Eyal · November 14, 2020, 11:05am

Hello there.
I’m currently doing a deep learning course and trying to implement a resnet, while doing so, I’ve been bumping into this implementation in github:

class BasicBlock(nn.Module):
    def __init__(self, in_planes, planes):
        super(BasicBlock, self).__init__()
        self.conv1 = nn.Conv2d(in_planes, planes, 3, padding = 1)
        self.bn1 = nn.BatchNorm2d(planes)
        
        self.conv2 = nn.Conv2d(planes, planes, 3, padding = 1)
        self.bn2 = nn.BatchNorm2d(planes)
        
        self.shortcut = nn.Sequential()
        if (in_planes != planes):
            self.shortcut = nn.Sequential( nn.Conv2d(in_planes, planes, 3, padding = 1),
                                           nn.BatchNorm2d(planes))
            
    def forward(self, x):
        out = F.relu(self.bn1(self.conv1(x)))
        out = self.bn2(self.conv2(out))
        out += self.shortcut(x) #for the input
        out = F.relu(out)
        return out

I don’t understand the shortcut, the if statements make it executable only if the channels between two adjacent layers are the same, however, if they’re not it just executes the regular basic block again.
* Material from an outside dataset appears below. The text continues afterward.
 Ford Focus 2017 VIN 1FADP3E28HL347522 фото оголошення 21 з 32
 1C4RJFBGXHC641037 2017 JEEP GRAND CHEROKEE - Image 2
However, later in the code, they execute the resnet like that:

    def __init__(self, in_channel, hidden_channels, num_classes):
        super(SmallResNet, self).__init__()
        self.conv = nn.Conv2d(in_channel, hidden_channels[0], 3, padding = 1) #first conv
        self.bn = nn.BatchNorm2d(hidden_channels[0]) #then batchNorm
        #now use 3 residual blocks
        self.res1 = BasicBlock(hidden_channels[0],hidden_channels[1])
        self.res2 = BasicBlock(hidden_channels[1],hidden_channels[2])
        self.res3 = BasicBlock(hidden_channels[2],hidden_channels[3])
        #now do the maxpooling
        self.maxpool = nn.MaxPool2d(2, 2) 
        self.fc = nn.Linear(hidden_channels[3] * 16 * 16 , num_classes) #from maxpooling

And calling it with hidden channels

hidden = [16,32,64,128]
So it seems to me like missing the whole point of ResNet, because there are no ‘‘skips’’ here.
What am I seeing wrong?

Thanks.

ptrblck · November 16, 2020, 7:26am

If the number of channels differ, the additional conv and batchnorm layers in shortcut will make sure that you can add the residual connection back to out.
On the other hand, if the channels match already, x will be directly added to out, since an empty nn.Sequential module will act as an identity:

seq = nn.Sequential()
x = torch.randn(1, 3, 24, 24)
out = seq(x)
print((out == x).all())
> tensor(True)

The torchvision implementation uses a similar approach, but will skip the downsample layer, if it’s not needed.

Eyal · November 16, 2020, 9:25am

Thank you very much! So just to make sure I understood when he called the net with
hidden = [16,32,64,128]
No residuals were taken place but adding the conv - batchnorm block twice. right?

ptrblck · November 17, 2020, 10:56am

The hidden list is used to initialize the layers with the right channels. No forward pass is used in this call.
Let me know, if I misunderstood the question.

Eyal · November 17, 2020, 8:29pm

What I mean is, when the hidden layers were initialized as
hidden = [16, 32, 64, 128]
Not time was the Identity added because the channels differ in every two adjacent layers.
So I’m wondering, in this initializment, What’s the role of the resnet? it seems to me like it’s missing the whole point.

ptrblck · November 18, 2020, 8:58am

Thanks for clarifying the question.
I’m not familiar with the model and would suggest to ask the author.
My best guess is that the author indented to write the model in a flexible way and this particular implementation would use the shortcut blocks.